O orçamento [do governo regional dos Açores] falha em responder às consequências da pandemia, aos efeitos de uma guerra, à crise inflacionista e não tem em conta os alertas para o risco de recessão de todas as instituições internacionais.

O plano e orçamento que nestes 3 dias analisamos [no parlamento açoreano] e debatemos encerra, em si mesmo, uma profunda contradição.

O governo regional, apresentou as propostas enquadrando-as num cenário macroeconómico negro: as consequências da pandemia, os efeitos de uma guerra, uma crise inflacionista.

O governo apelou à responsabilidade de todos para que fosse aprovado um orçamento que diz ser de responsabilidade.

Haverá responsabilidade quando se cortam 140ME no investimento público, na altura em que os Açores mais precisam?

O orçamento falha em responder às consequências da pandemia, aos efeitos de uma guerra, à crise inflacionista e não tem em conta os alertas para o risco de recessão de todas as instituições internacionais.

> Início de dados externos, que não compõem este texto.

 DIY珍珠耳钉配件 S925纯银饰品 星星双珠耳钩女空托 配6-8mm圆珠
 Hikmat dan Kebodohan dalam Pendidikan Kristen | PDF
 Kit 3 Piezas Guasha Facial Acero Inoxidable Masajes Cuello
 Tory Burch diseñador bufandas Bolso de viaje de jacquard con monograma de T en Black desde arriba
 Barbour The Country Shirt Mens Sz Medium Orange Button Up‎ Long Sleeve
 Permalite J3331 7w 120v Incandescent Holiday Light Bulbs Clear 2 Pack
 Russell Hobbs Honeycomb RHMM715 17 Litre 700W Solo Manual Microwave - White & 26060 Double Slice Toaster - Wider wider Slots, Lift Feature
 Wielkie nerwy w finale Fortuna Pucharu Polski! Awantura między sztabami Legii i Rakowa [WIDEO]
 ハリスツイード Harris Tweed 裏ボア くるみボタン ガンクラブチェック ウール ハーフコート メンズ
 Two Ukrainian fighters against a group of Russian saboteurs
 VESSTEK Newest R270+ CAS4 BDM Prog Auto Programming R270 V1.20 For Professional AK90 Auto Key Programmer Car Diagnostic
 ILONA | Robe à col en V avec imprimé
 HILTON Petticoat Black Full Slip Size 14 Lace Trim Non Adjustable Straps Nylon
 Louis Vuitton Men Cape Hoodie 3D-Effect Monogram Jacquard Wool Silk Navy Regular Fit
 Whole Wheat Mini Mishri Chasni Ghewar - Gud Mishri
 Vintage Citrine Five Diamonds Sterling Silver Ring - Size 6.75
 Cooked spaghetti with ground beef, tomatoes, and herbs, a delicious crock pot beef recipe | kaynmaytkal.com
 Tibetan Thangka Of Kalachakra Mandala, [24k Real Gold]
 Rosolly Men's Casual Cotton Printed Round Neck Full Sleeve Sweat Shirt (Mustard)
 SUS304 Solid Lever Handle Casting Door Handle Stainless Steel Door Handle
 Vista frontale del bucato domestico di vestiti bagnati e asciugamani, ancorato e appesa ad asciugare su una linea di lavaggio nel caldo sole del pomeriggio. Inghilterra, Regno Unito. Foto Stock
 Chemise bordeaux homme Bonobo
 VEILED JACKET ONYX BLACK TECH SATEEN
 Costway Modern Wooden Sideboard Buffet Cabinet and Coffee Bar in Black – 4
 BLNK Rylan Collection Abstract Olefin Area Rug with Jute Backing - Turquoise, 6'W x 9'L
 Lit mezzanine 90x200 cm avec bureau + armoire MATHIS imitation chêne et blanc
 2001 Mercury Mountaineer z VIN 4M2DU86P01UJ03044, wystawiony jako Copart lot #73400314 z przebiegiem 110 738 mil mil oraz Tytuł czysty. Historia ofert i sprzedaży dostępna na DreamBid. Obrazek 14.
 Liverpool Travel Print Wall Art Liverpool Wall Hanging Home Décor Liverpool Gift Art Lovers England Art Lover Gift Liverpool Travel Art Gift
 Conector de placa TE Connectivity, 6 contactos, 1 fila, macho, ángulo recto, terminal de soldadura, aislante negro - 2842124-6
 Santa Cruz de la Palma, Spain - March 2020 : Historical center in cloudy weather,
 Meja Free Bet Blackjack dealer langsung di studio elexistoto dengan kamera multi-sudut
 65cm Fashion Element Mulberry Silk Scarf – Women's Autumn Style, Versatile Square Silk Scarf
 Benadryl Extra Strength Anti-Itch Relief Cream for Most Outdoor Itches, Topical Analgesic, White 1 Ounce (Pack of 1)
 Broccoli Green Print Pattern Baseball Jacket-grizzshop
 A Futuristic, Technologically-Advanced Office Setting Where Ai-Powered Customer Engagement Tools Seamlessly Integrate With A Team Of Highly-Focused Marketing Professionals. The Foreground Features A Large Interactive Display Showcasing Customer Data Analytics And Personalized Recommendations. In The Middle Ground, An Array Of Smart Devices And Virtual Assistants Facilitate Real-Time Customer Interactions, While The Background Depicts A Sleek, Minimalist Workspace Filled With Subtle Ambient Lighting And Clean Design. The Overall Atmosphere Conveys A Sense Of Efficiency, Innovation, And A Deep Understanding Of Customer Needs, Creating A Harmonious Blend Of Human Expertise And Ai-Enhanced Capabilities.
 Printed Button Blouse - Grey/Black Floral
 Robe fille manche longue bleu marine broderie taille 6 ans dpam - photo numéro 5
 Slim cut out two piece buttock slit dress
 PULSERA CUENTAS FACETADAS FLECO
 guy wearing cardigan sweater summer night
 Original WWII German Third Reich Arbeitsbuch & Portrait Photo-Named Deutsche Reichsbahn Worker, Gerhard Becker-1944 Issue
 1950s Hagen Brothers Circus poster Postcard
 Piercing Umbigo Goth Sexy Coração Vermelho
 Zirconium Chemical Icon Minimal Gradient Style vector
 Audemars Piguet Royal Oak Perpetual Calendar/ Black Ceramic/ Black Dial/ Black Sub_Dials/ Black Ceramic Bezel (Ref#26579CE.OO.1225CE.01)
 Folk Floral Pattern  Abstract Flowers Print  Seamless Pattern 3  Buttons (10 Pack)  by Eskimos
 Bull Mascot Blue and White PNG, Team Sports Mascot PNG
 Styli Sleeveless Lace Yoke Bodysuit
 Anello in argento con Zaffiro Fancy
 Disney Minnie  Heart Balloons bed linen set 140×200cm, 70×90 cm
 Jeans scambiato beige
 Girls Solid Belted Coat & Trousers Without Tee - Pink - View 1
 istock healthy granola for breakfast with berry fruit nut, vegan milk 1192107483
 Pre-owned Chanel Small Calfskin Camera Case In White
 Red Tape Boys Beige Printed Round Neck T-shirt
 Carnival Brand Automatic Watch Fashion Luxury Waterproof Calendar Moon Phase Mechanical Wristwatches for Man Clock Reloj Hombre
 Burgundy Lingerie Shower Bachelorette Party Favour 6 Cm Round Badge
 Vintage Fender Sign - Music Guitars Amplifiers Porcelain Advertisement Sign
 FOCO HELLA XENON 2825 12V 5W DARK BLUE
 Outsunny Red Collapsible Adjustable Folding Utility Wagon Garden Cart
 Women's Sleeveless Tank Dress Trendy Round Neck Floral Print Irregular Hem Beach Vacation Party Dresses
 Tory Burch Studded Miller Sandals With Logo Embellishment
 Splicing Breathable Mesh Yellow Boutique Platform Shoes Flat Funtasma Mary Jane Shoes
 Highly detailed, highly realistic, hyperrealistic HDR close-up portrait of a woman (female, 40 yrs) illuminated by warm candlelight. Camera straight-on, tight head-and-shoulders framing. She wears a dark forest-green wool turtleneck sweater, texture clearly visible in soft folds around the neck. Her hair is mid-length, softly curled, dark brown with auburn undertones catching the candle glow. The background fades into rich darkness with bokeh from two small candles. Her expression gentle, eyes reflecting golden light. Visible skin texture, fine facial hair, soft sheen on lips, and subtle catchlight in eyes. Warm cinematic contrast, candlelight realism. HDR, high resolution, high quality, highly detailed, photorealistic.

De pouco servirão os aumentos nos apoios sociais se, em 2023, por consequência de um orçamento de restrição, a recessão se instalar e o desemprego crescer. É curioso que o objetivo do endividamento zero é até criticado pelo patronato, nomeadamente pela Câmara de Comércio e Indústria de Ponta Delgada.

Pudera, numa região em que inevitavelmente o peso do estado na economia é enorme, um corte tão grande no investimento pode levar a enormes dificuldades na economia e nas próprias empresas.

Era necessário ir tão longe para reduzir a dívida? De maneira alguma. Aliás, sem contrair um cêntimo de nova dívida, se o PIB decrescer em 2023, a dívida face ao PIB pode até aumentar e os sacrifícios do presente terão sido em vão! A direita não aprendeu nada com os anos da troika em que Passos e Portas cortavam a direito, mas a única coisa que conseguiam era o aumento do défice e da dívida Em nome de amanhãs que cantam, este orçamento desiste do presente.

Investimento público não é sinónimo de investimento em betão, como a direita quis fazer crer durante o debate.

“Temos instalações degradadas e a necessitarem de obras, do Corvo a Santa Maria”, disse recentemente o secretário da saúde e desporto.

Apesar disso, o investimento na saúde é medíocre. Teremos, em 2023 no Serviço Regional de Saúde, os mesmos problemas que em 2022 por opção deste governo.

Ao mesmo tempo, assistimos à maior partidarização de sempre das instituições públicas na autonomia regional. O governo que partidariza o SRS, descarta os trabalhadores que foram essenciais na COVID-19 e contratados durante esse período. Como reconhecimento tiveram aplausos e o desemprego.

O governo não se esforça por atrair nem fixar médicos na região para melhorar o acesso à saúde. Pelo contrário, ofende-os!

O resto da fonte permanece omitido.